Yesterday’s game embodied the kind of overachievement that the Dawgs have produced for much of this season as Georgia played toe-to-toe with a team that began the year ranked #1 in the country.

After a 6-6 start in the non-conference portion of the schedule, Georgia looked like a program that was about to go off the rails once conference play started. In addition to this mediocrity, Coach Mark Fox was being listed on just about every “Hot Seat” compilation being generated amongst college basketball media sources.

Somehow, CMF and his team altered the course of the season. For Georgia to finish the year 19-13 overall and tied for second in the conference is living proof to the amount of heart and perseverance this team possesses.

The Dawgs won 9 of their last 12 games, arguably making them one of the hotter teams in the country.

The knock against Fox has always been his inability to bring in more big-time recruits from the metro Atlanta area, which may be true.

But the guy definitely develops players (see J.J. Frazier, Neme Djurisic, Marcus Thornton, Kenny Gaines), and he finds a way to squeeze every ounce of effort out of his team.

The Dawgs are set to lose just one player from this team -senior Donte Williams – and they should enter next season as one of the favorites to finish near the top of the conference.

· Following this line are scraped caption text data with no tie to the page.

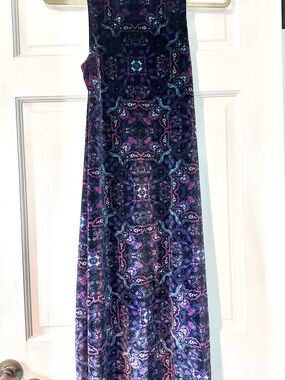 Ecote Black Velvet Dress with Purple and Teal Floral Print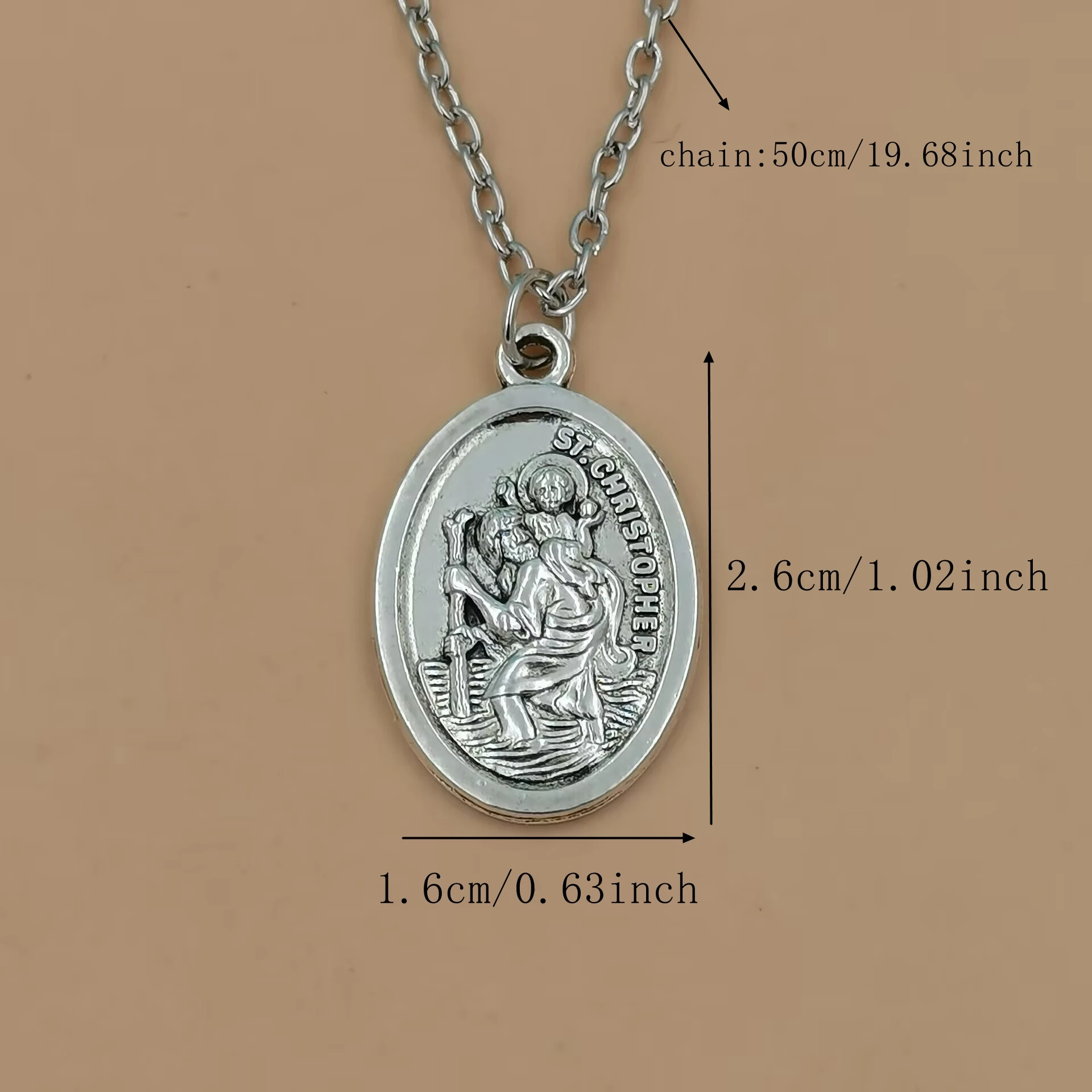 10Pcs ST CHRISTOPHER Pendant Necklace, Men Women Amulets, Religious Jewelry A-969d view 5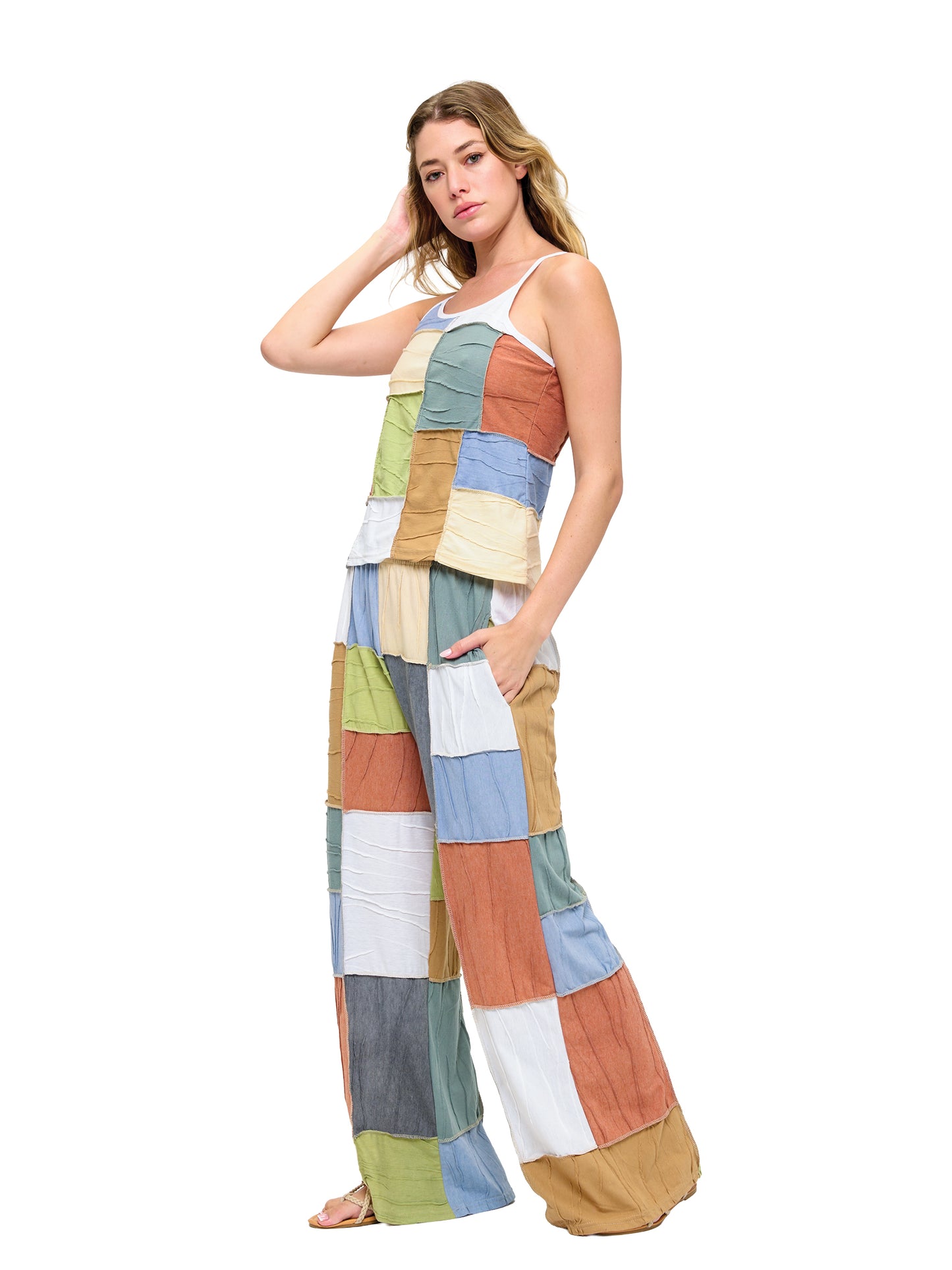 Boho Patchwork Textured Pants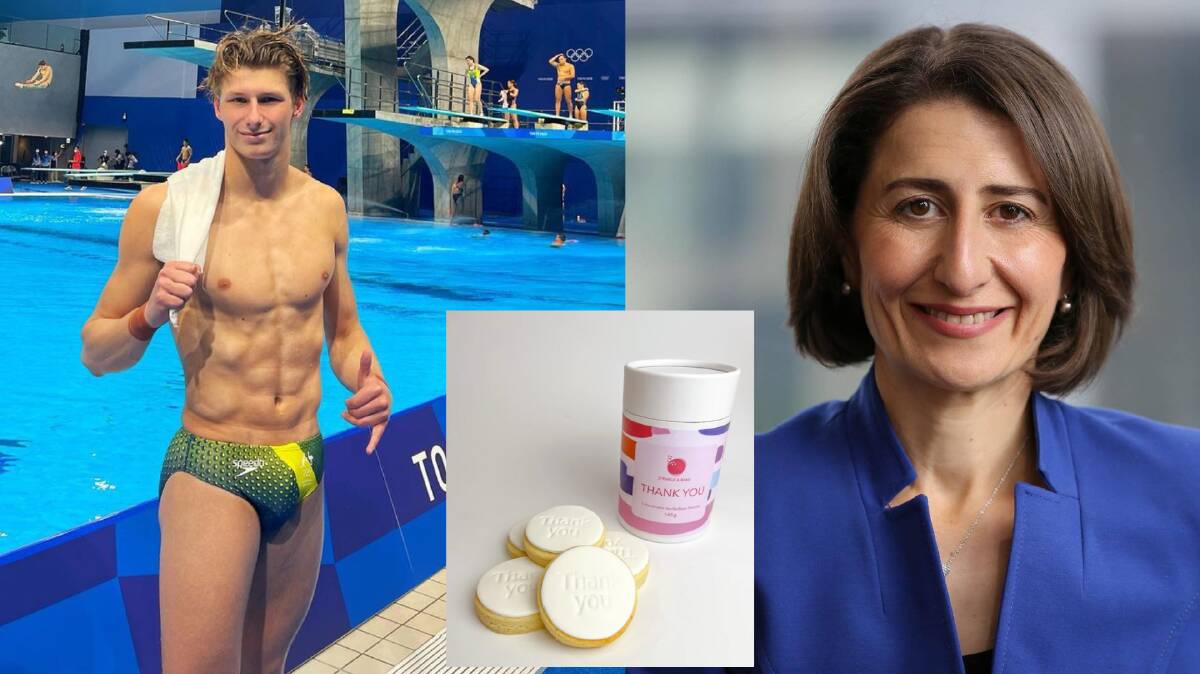 Australian Olympian Sam Fricker (left) has received a package of biscuits (centre) from NSW Premier Gladys Berejiklian (right).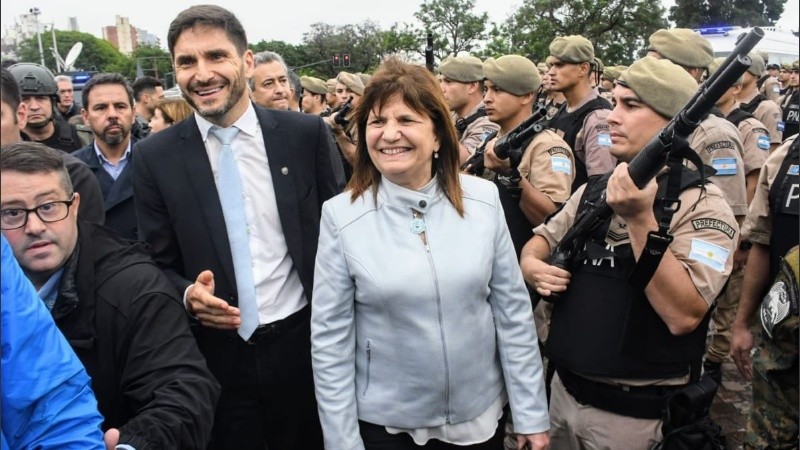 Pullaro y Bullrich, el día de la presentación del Plan Bandera en Rosario.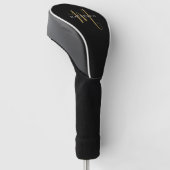 Minimalistische Zwarte Gouden Script Monogram Golfheadcover (Schuin)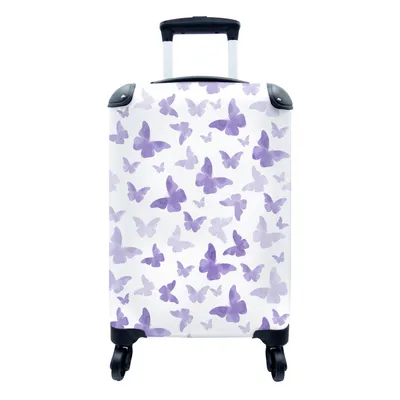 Produktbild von MuchoWow® Koffer Handgepäck Trolley Rollkoffer Kleine Reisekoffer mit 4 Rollen - Schmetterling - Lila - Muster - Cabin Size < 55x40x23 cm & 55x40x20 cm - Fotokoffer - Kabinenkoffer - Boardgepäck - Reise-Box - Reisekoffer - Reisegepäck - Koffer mit Bild - Trolley für Kinder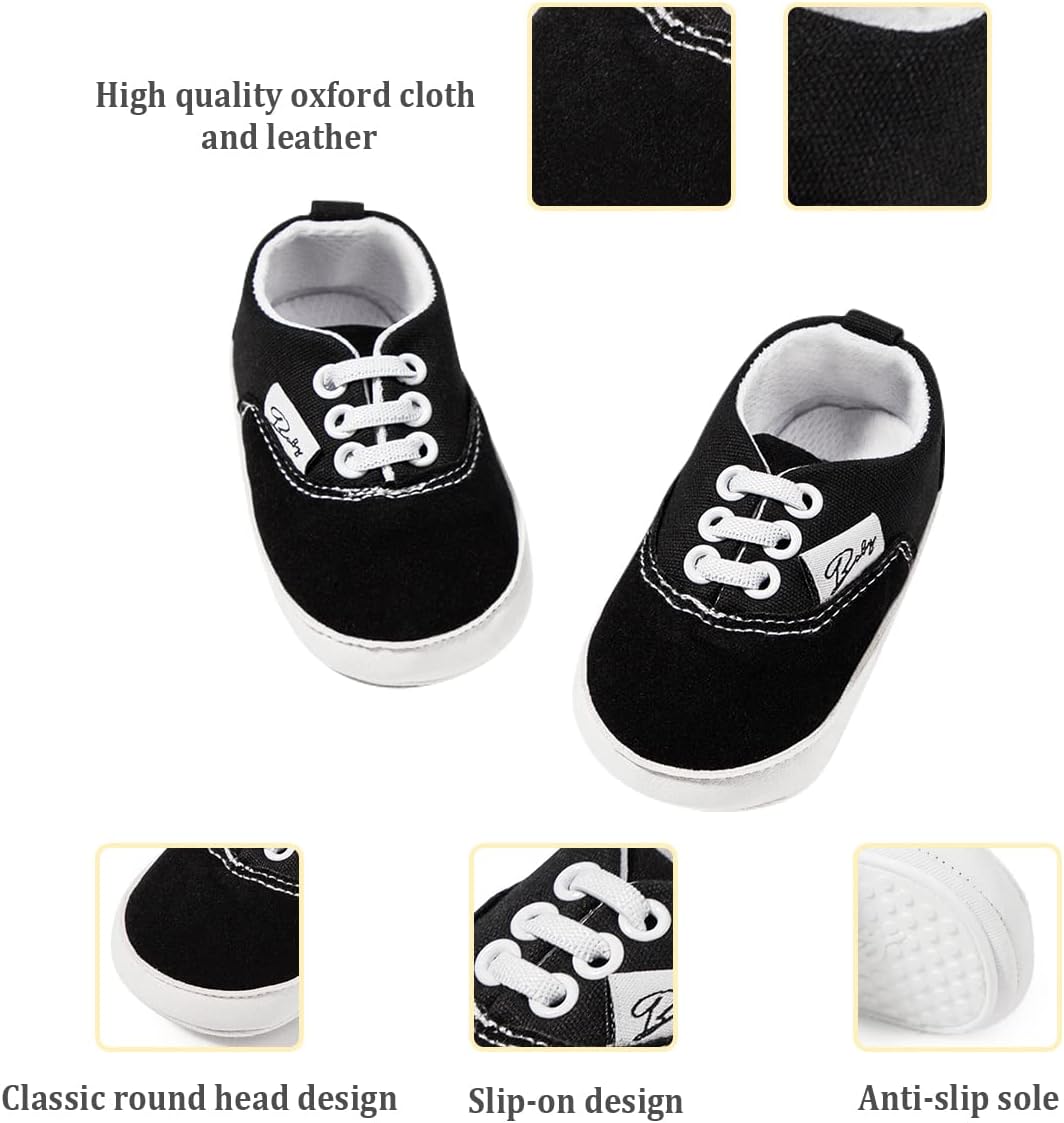 Morbido Infant Baby Boys Girls Canvas Sneaker Toddler Slip On Anti Skid Newborn First Walkers Candy Shoes for 0-18 Months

Coach Fox seems to have the program going in the right direction.

7 thoughts on “Dawgs out of SEC tournament, looking towards postseason play

    1. Thanks for your coverage of the team. It has been a good season watching the improvement when many of us thought it would be awful. JJ has an a great future as he gets stronger. He plays fearlessly and has confidence. Nemi has lost confidence in his outside shot and his elevation under the basket seems diminished. Those guys are too big and strong.


  1. This is indeed a long, physically imposing group of Cats. If they had the more senior leadership of the two juniors and senior that the national championship team of two? years ago had, they’d win it again (Gads what a sentence). As Fox has pretty much said he will use his two scholarships this year, I hope he has a junior college beast on his radar–an Anthony Evans type would be nice. After thinking about it, I think it better that he use the slots this year if suitable players can be found. I’ve become afraid that if he had six slots to play with the following year, he might again waste two or three on projects that can not play and will never get there. We all know what that is like. That being said, I agree that the program is going in the right direction. Now if we can go 9-3 or 10-2 in next year’s preseason, with a couple quality wins thrown in, we can really get excited.


  2. I realize that sitting a player with two fouls for the rest of the first half is a widespread coaching orthodoxy, but CMF’s rigid conformity to this risk-averse strategy really costs us late in the first half of games. The effect of voluntarily pulling a player and his eventual fouling out is exactly the same — he’s not on the floor. The thing is, he’s responding to the fear of THE POSSIBILITY that his best player(s) might not be available for the whole game by making sure they aren’t! Sure enough, Charles Mann (our best player!) played only 24 minutes in the biggest game of the season because he was in “foul trouble”…only to end the game with 2 fouls. He played only 20 minutes in the Ole Miss game, and ended with 4 fouls. Even then, what if he fouled out but managed another five minutes on the court in the process? Which is worse? It drives me nuts, I tell ya.


    1. In addition, Fox pulled Mann early in the second half (not for fouling) and appeared pretty PO’d at his point guard from where I was sitting. Although, I’m not sure that an elimination game is the time for a “teaching moment”.